O diretor tornou-se mundialmente conhecido pelo teatro do oprimido, metodologia criada por ele em 1972 que conjuga teatro e ação social.
Em 25 de março deste ano, em Paris, ele foi nomeado embaixador mundial do teatro pela Unesco. Na ocasião, encerrou seu discurso assim: "Atores somos todos nós, e cidadão não é aquele que vive em sociedade: é aquele que a transforma!".
Nascido em 1931, no Rio, Boal formou-se químico aos 21 anos, mas, aos 24, decidiu cursar teatro na Universidade Columbia (EUA). Um ano depois, em 1956, estreou como diretor no Teatro de Arena, em São Paulo, com a peça "Ratos e Homens", de John Steinbeck.
Em 57, criou seu primeiro texto, a comédia "Marido Magro, Mulher Chata". Dois anos mais tarde, o sucesso de "Chapetuba Futebol Clube", com direção dele, confirmou o acerto da decisão do Arena de investir em dramaturgia nacional.

Parceria com o Oficina
No começo dos anos 60, Boal foi um dos articuladores de um intercâmbio entre os grupos Arena e Oficina, que gerou espetáculos como "A Engrenagem" e "José, do Parto à Sepultura". Diretor deste último, Antônio Abujamra disse ontem que Boal "era a demonstração de que um diretor de teatro é um bicho social que tem de atuar com uma visão crítica".
A partir de 62, ainda no Arena, esteve à frente de um movimento de nacionalização de textos clássicos, que incluiu montagens de "A Mandrágora", de Maquiavel, e "Tartufo", de Molière. Pouco após o golpe de 64, dirigiu no Rio o show "Opinião", que reuniu artistas num gesto de resistência ao regime.

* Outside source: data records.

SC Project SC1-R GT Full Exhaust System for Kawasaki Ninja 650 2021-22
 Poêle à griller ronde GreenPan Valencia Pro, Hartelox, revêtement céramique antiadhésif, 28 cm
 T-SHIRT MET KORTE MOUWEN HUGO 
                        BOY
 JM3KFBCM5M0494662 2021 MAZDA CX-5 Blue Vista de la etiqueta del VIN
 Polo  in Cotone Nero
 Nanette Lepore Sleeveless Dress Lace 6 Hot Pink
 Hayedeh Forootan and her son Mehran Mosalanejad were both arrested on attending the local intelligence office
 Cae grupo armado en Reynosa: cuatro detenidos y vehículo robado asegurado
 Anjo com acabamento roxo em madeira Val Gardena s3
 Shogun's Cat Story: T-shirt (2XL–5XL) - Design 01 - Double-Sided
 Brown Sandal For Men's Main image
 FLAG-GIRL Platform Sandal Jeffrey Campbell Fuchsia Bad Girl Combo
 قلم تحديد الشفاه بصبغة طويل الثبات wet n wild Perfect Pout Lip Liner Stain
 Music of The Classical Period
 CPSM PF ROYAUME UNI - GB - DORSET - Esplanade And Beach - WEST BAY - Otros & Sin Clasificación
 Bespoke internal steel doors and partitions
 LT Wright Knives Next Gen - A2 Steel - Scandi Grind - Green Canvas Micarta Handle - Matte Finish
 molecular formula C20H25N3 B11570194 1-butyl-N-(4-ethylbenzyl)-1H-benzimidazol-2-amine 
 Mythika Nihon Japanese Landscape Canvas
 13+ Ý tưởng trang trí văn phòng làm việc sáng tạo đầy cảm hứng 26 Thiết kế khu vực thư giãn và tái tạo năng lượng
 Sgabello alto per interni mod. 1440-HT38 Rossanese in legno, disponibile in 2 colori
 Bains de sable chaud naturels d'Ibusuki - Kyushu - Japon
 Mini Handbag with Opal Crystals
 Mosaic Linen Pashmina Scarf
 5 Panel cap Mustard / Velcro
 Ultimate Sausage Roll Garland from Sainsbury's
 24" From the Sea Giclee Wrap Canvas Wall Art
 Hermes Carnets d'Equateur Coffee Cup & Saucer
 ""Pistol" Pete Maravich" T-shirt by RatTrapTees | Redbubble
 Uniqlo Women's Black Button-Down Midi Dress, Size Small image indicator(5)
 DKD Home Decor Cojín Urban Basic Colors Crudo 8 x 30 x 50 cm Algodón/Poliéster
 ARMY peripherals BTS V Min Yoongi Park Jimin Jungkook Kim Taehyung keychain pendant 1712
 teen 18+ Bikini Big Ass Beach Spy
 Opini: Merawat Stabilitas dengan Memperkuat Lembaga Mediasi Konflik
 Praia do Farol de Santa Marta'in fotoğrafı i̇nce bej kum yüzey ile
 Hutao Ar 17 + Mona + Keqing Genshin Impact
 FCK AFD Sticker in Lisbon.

A partir daí, assinou musicais que recriavam biografias de personagens históricos, como "Arena Conta Zumbi" e "Arena Conta Tiradentes". Nessa série, criou o chamado "sistema coringa", em que atores se revezavam nos papéis.
Entre 68 e 70, excursionou com o Arena por EUA, México e outros países. Em 1971, foi preso pelo regime militar, pelas ligações com o Partido Comunista do Brasil. Três meses depois, ao ser solto, foi para os EUA e, em seguida, para Argentina e Portugal.
Ali, começou a difundir o teatro do oprimido, em suas palavras, "uma metodologia transformadora que propõe o diálogo como meio de refletir e buscar alternativas para conflitos interpessoais e sociais".
No exílio, escreveu "Mulheres de Atenas" (adaptação de "Lisístrata", de Aristófanes), com letras de Chico Buarque, que ontem lembrou: "A gente se correspondia muito e disso resultou a canção "Meu Caro Amigo" (1976), parceria com Francis Hime, destinada a ele. Nos últimos tempos [...], deixamos de nos ver, mas a amizade se manteve".
Com a anistia, Boal retornou ao Brasil, em 1984. Em 1993, enveredou pela política: foi eleito vereador e usou as técnicas do teatro do oprimido para ouvir as queixas da população e elaborar projetos de lei.